County in Nebraska, United States

Dawes County is a county in the U.S. state of Nebraska. As of the 2020 census, the population was 8,199, and was estimated to be 7,858 in 2025. The county seat and the largest city is Chadron.

In the Nebraska license plate system, Dawes County was represented by the prefix "69" (as it had the 69th-largest number of vehicles registered in the state when the license plate system was established in 1922).

==History==
Dawes County was created on February 19, 1885; it was named for James W. Dawes, the Nebraska Governor at the time.

Dawes County was a part of the unorganized area of northwestern Nebraska until February 19, 1877, when it became a part of Sioux County from which it was separated February 19, 1885, and was given its present name.

==Geography==
According to the United States Census Bureau, the county has a total area of 1400.976 sqmi, of which 1396.437 sqmi is land and 4.539 sqmi (0.32%) is water. It is the 9th-largest county in Nebraska by total area.

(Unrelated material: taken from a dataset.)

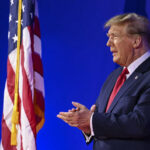 A man in a suit standing beside an American flag during a public speaking event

Dawes County lies on the north border of Nebraska. Its north boundary line abuts the south boundary line of the state of South Dakota.

Since it lies in the western part of Nebraska, Dawes County residents observe Mountain Time. The eastern two-thirds of the state observes Central Time.

===Major highways===

- Nebraska Highway 2
- Nebraska Highway 71

===Transit===
- Chadron City Transit

===Adjacent counties===

- Oglala Lakota County, South Dakota - northeast
- Sheridan County - east
- Box Butte County - south
- Sioux County - west
- Fall River County, South Dakota - northwest

===National protected areas===
- Nebraska National Forest (part)
- Pine Ridge National Recreation Area
- Oglala National Grassland (part)

===State protected areas===
- Box Butte Reservoir State Recreation Area
- Chadron State Park
- Fort Robinson State Park (part)
- Chadron Creek Ranch State Wildlife Management Area
- Bordeaux State Wildlife Management Area
- Bighorn State Wildlife Management Area
- Ponderosa State Wildlife Management Area

==Demographics==

Historical population
| Census | Pop. | Note | %± |
| 1890 | 9,722 |  | — |
| 1900 | 6,215 |  | −36.1% |
| 1910 | 8,254 |  | 32.8% |
| 1920 | 10,160 |  | 23.1% |
| 1930 | 11,493 |  | 13.1% |
| 1940 | 10,128 |  | −11.9% |
| 1950 | 9,708 |  | −4.1% |
| 1960 | 9,536 |  | −1.8% |
| 1970 | 9,761 |  | 2.4% |
| 1980 | 9,609 |  | −1.6% |
| 1990 | 9,021 |  | −6.1% |
| 2000 | 9,060 |  | 0.4% |
| 2010 | 9,182 |  | 1.3% |
| 2020 | 8,199 |  | −10.7% |
| 2025 (est.) | 7,858 | Decrease | −4.2% |
U.S. Decennial Census 1790–1960 1900–1990 1990–2000 2010–2020

===2020 census===
As of the 2020 census, the county had a population of 8,199. The median age was 36.7 years. 19.9% of residents were under the age of 18 and 19.4% of residents were 65 years of age or older. For every 100 females there were 95.6 males, and for every 100 females age 18 and over there were 94.9 males age 18 and over.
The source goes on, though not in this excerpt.